George V. Higgins's seminal crime novel is a down-and-dirty tale of thieves, mobsters, and cops on the mean streets of Boston. When small-time gunrunner Eddie Coyle is convicted on a felony, he's looking at three years in the pen--that is, unless he sells out one of his big-fish clients to the DA. But which of the many hoods, gunmen, and executioners whom he calls his friends should he send up the river? Told almost entirely in crackling dialogue by a vivid cast of lowlifes and detectives, The Friends of Eddie Coyle is one of the greatest crime novels ever written.

Reviews

Praise for The Friends of Eddie Coyle

"Weighed and calibrated like the barrel of a pistol. The fact that he's writing about crooks is crucial in some ways, incidental in others. The real subjects here are life's futility and its bleak humor . . . Elmore Leonard learned from this novel, likewise David Mamet and of course Quentin Tarantino, who saw the narrative virtue in marrying violence to comedies of manners . . . Higgins took the tough-guy novel into areas of demented anthropology and re-created a genre."—Richard Rayner, Los Angeles Times

"One of the best of its genre I have read since Hemingway's The Killers."—Christopher Lehmann-Haupt, The New York Times

"Chilling . . . The most penetrating glimpse yet into what seems the real world of crime . . . Positively reeking with authenticity."—The New York Times Book Review

"Rings true as a police siren."—The Boston Globe

"Simultaneously a brilliant thriller and a cold and convincing business prospectus of felony—a profession that traps both sides, gunmen and policemen, into ceaseless compulsory degradations."—The New Yorker

"Truly a bravura performance. Higgins is a master of colorful street language heard around Boston. Throughout the novel, without quaintness or self-parody, he is able to sustain long arias of criminal shoptalk . . . A sophisticated thriller."—Time

"First-rate, absolutely convincing, enormously readable."—The Christian Science Monitor

"Higgins can plot a whole book like one long chase scene. He can write dialogue so authentic it spits.
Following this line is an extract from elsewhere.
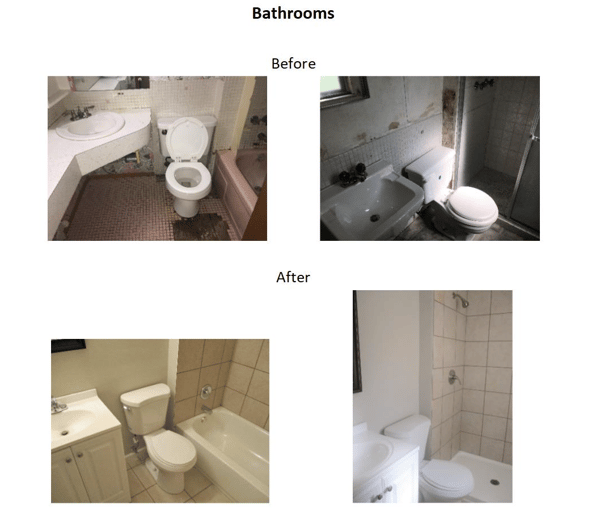 before and after bathroom photos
He can catch character like a 'make' in a file of mug shots . . . This cops-and-robbers novel qualifies him for the corner table where all the best tellers of low tales sit."—Life

"The best crime novel ever written—makes The Maltese Falcon read like Nancy Drew."—Elmore Leonard

"The most powerful and frightening crime novel that I have read this year. It will be remembered long after the year is over, as marking the debut of a fine original talent."—Ross Macdonald

"What dialogue . . . The American writer who is closest to Henry Green. What I can't get over is that so good a first novel was written by the fuzz."—Norman Mailer

"Aspiring novelists of any genre, not just legal suspense, would be wise to read lots of George Higgins."—John Grisham

"A writer of Balzacian appetite . . . the poet of Boston sleaze . . . confident and totally convincing."—Mordecai Richler

"George V. Higgins was an American original and a writer of lasting importance."—Scott Turow

"The first thing to know about George V. Higgins' The Friends of Eddie Coyle is that it directly entered the crime-fiction canon upon its 1970 publication. The second thing to know is that it holds up as both a writer's-writer thriller and as popular pulp, with Dennis Lehane introducing Picador's new 40th-anniversary reissue of the novel by heralding it as ‘the game-changing crime novel of the last fifty years'—a moderate claim compared to that of Elmore Leonard, who hails it as the best crime novel period."—Troy Patterson, SLATE

Reviews from Goodreads

BOOK EXCERPTS

Read an Excerpt

1
Jackie Brown at twenty-six, with no expression on his face, said that he could get some guns. "I can get your pieces probably by tomorrow night. I can get you, probably, six pieces. Tomorrow night. In a week or so, maybe ten days, another dozen....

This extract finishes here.